Now imagine this magnified multiple times, and we have the problem that the world faces now... so many people, so many languages, so few decent interpreters... for the other problem of course, is definitely that of getting lost in translation... its hard enough for a German to be understood by a French speaker... now imagine people from less related lands and languages.. to be honest, the Beard is surprised we manage at all, especially when you add into the mix the fact that all our leaders are attempting to lie through their teeth about what they really want.... for some reason, and despite all evidence to the contrary, they seriously seem to believe that honesty is not after all the best policy... which is sad, in at least one sense of the dictionary definition...

Dictionaries, of course, must take some of the blame... whilst the Beard won't go quite so far as that character in Alice who insisted that words meant exactly what he wanted them to mean, accepting instead that some form of consistencty must exist, this hirsute and bristly personage asserts here and now that the standardisation of the language (any language, but English is the one I have most in mind...) equals its stagnation... centuries ago, we spelled words as they sounded to us... to be honest, a lot of reading was guess work... Then along came the good dictionary writer, telling us all that the only way to use the language was his way... and for some reason we believed him to the extent that eventually we came to somehow accept the flawed premise that dilaectal usage was somehow wrong, when in fact it is from dialects, slang, colloquialism and cant that new words come... and that's how a language develops... if any of you really think that it doesn't matter, here's a question.. Latin was codified and rigidly structured by outside influences many centuries ago.... how many people speak it as a first language now?? Sobering thought, huh...

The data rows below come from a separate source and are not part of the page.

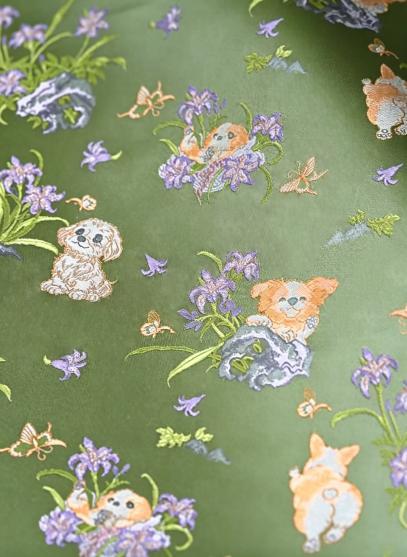 Blessing & Prosperity Song Brocade Bookmark · Sudi 苏地福乐旺旺宋锦书签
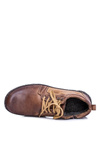 Men's Leather Booties Warmed Boots Boots Brown Felgado Boots.
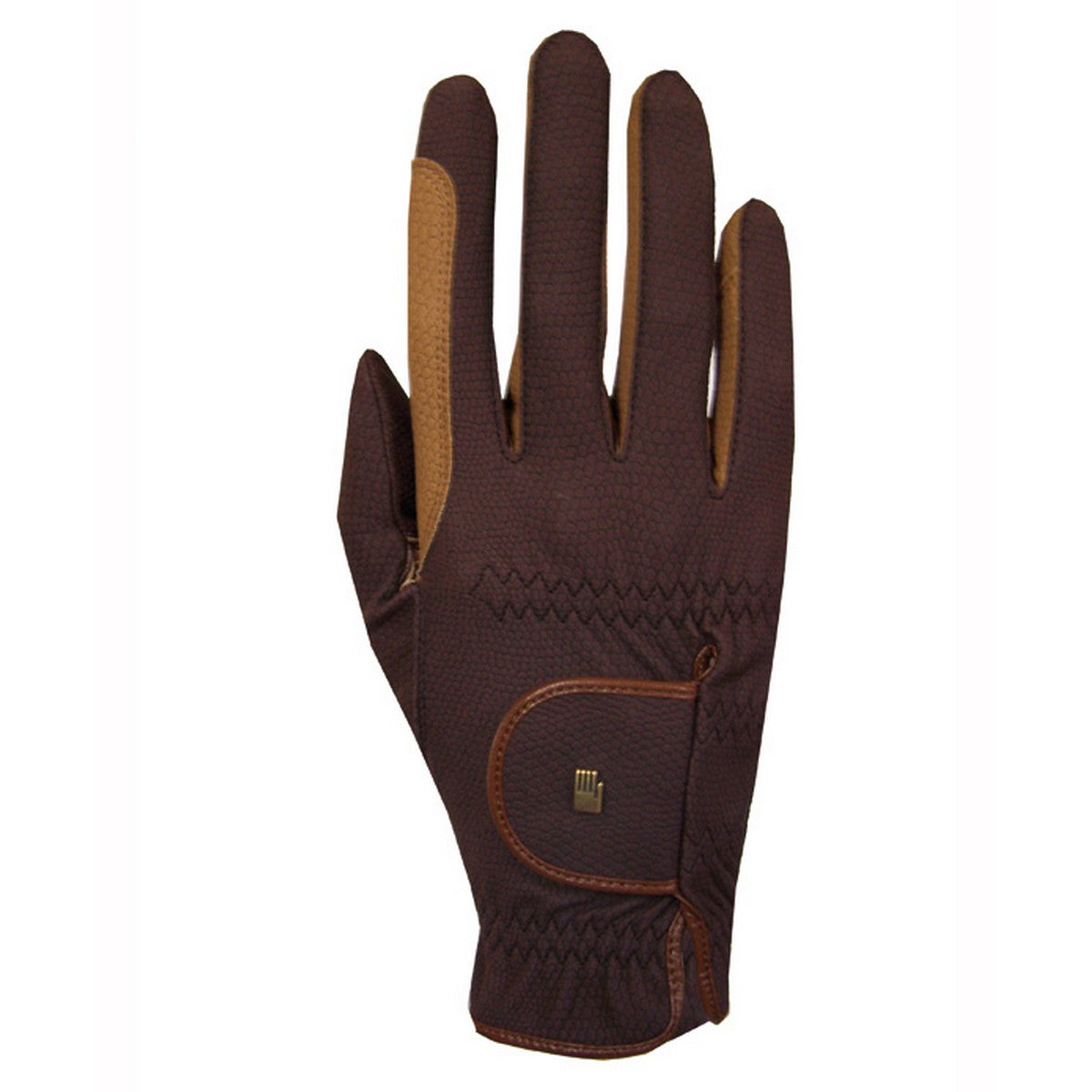 Roeckl Handschuhe Malta Bicolor Roeck-Grip Winter Mokka/Karamell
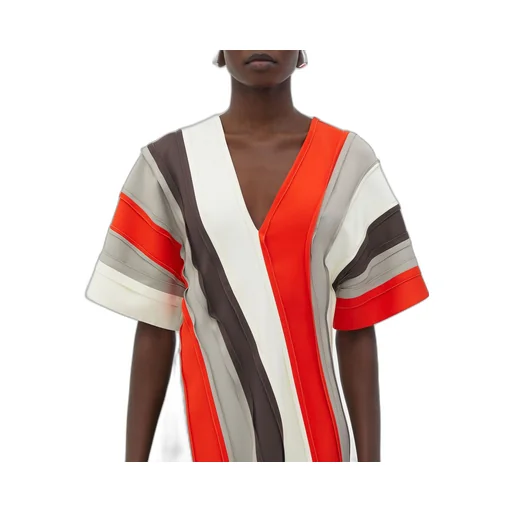 Fluid Viscose Stripe Dress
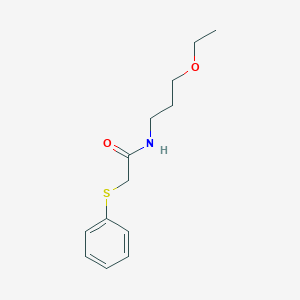 molecular formula C13H19NO2S B4033197 N-(3-ethoxypropyl)-2-(phenylthio)acetamide 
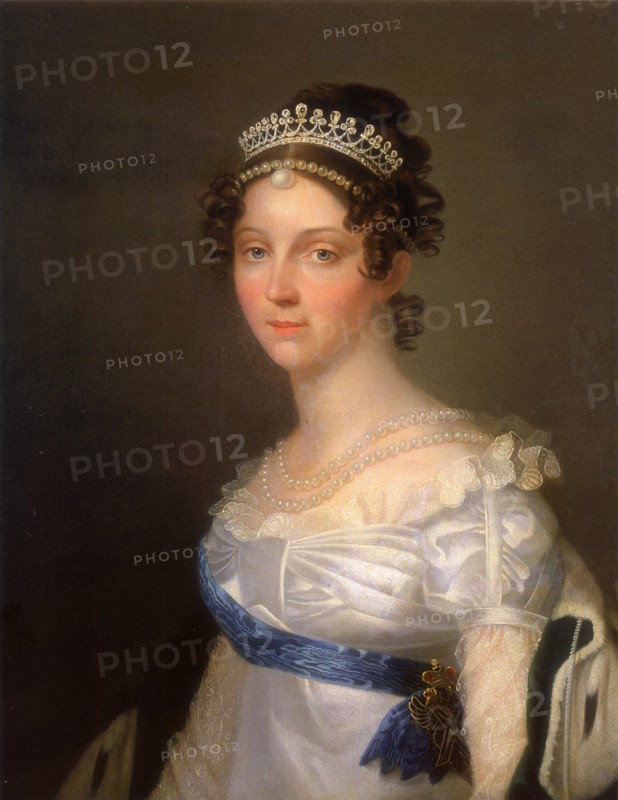 Portrait of Empress Elizabeth Alexeievna, Princess Louise of Baden (1779-1826), after 1806. Artist: Anonymous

Sober, it must be said, is the Beard's usual state, despite what many of you out there may or may not think... indeed I can recall being drunk a mere three times in my life, and avoiding the rather obvious and annoying joke, I can say hat yes, I am rather proud of the fact.. not that any of this has anything whatsoever to do with the subject in hand, but it does make for an interesting (or not) aside... however, to get back on topic, as web forumites would have it, the Vikings among others at one point had a healthy respect and a certain fear of writing and writers... the act of being able to draw a sound (which is all writing is) was seen as special and magical... conversely, however, to write a story down was seen as somehow trapping it, preventing it growing and almost killing it... and to a certain extent the Beard agrees...but as a writer himself, only to a certain extent... although the passing of stories by word of mouth, and the altering and growth of these stories has always taken this hirsute one as being a good thing, promoting as it does social interaction and communication... and while the Beard sets not much store in the former, the latter is, as I have said, close to his heart.... it remains to be seen whether we can actually use it properly...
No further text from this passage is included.